LISTED ENTRIES:

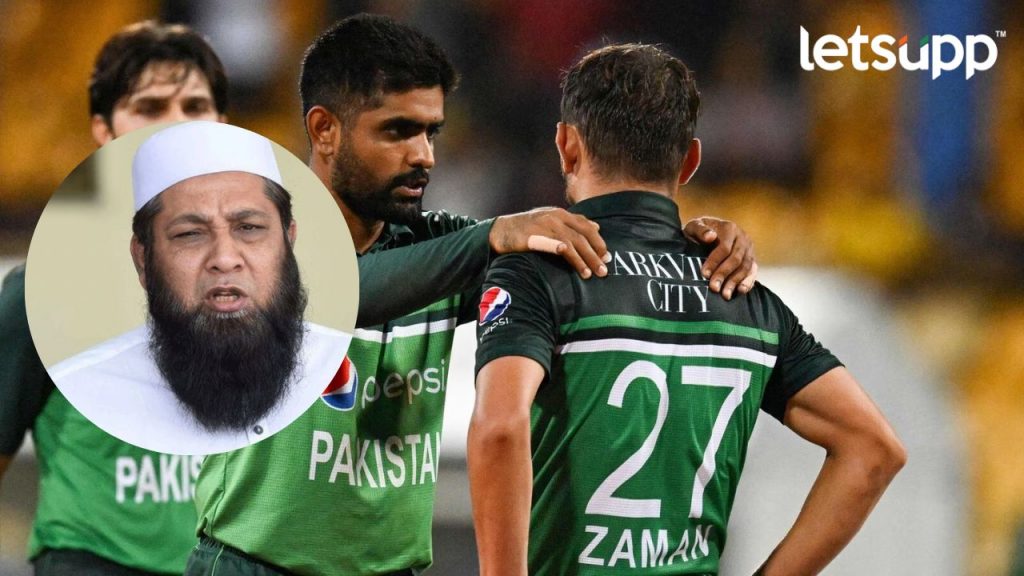 पाकिस्तान संघ ठरला फेल! संघात गोंधळ सुरु; इंझमामने दिला राजीनामा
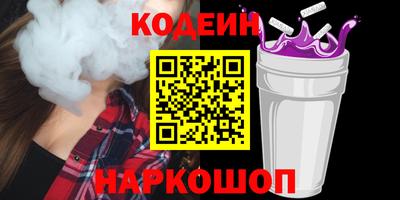 кокаин колумбия Краснокаменск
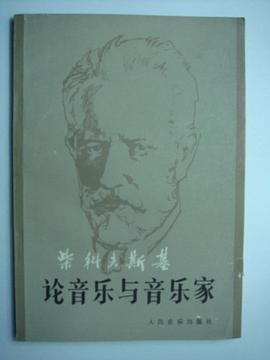 阿姆，音乐之魂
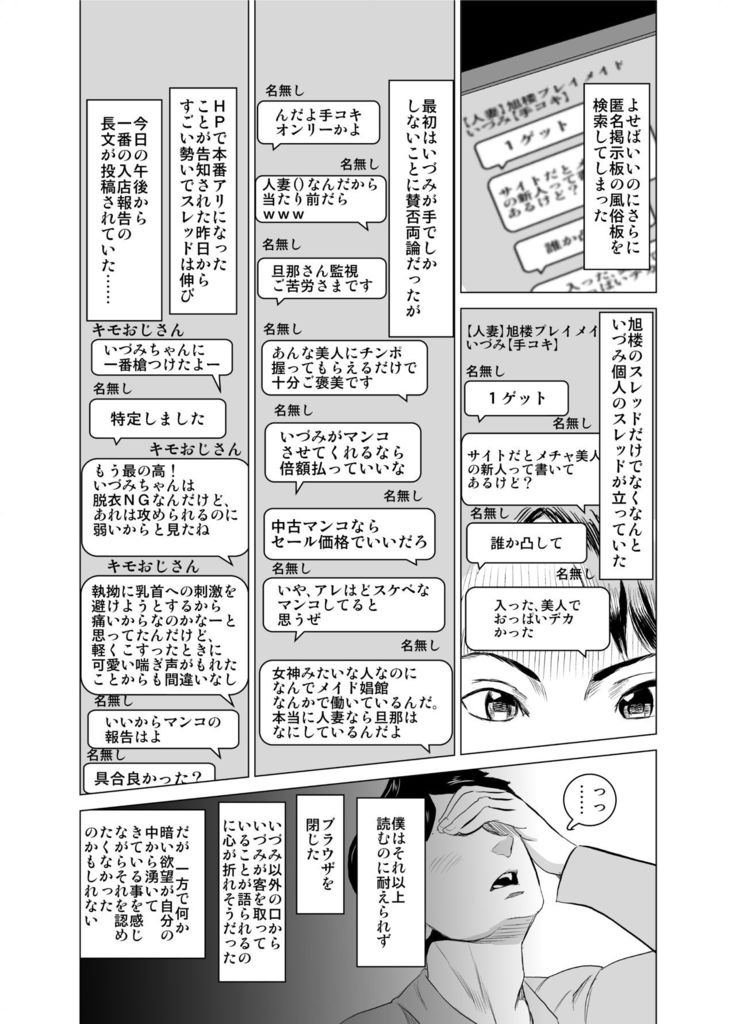 娼婦になった妻が絶頂ベロキス生中出しされた日 ～その1・入店編～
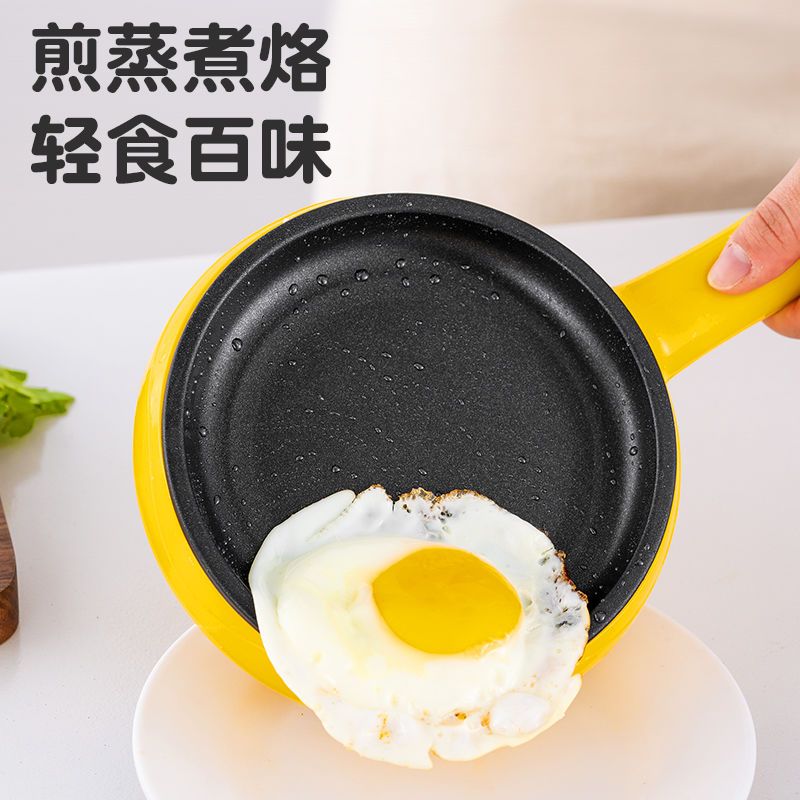 蒸蛋器迷你煎蛋神器平底煮蛋器自动断电防干烧煮鸡蛋的专用小锅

DIRECTIONS: Please return the full listing exactly as given, with the images left out.

RESULT FOR THIS EXERCISE:
 पाकिस्तान संघ ठरला फेल! संघात गोंधळ सुरु; इंझमामने दिला राजीनामा
 кокаин колумбия Краснокаменск
 阿姆，音乐之魂
 娼婦になった妻が絶頂ベロキス生中出しされた日 ～その1・入店編～
 蒸蛋器迷你煎蛋神器平底煮蛋器自动断电防干烧煮鸡蛋的专用小锅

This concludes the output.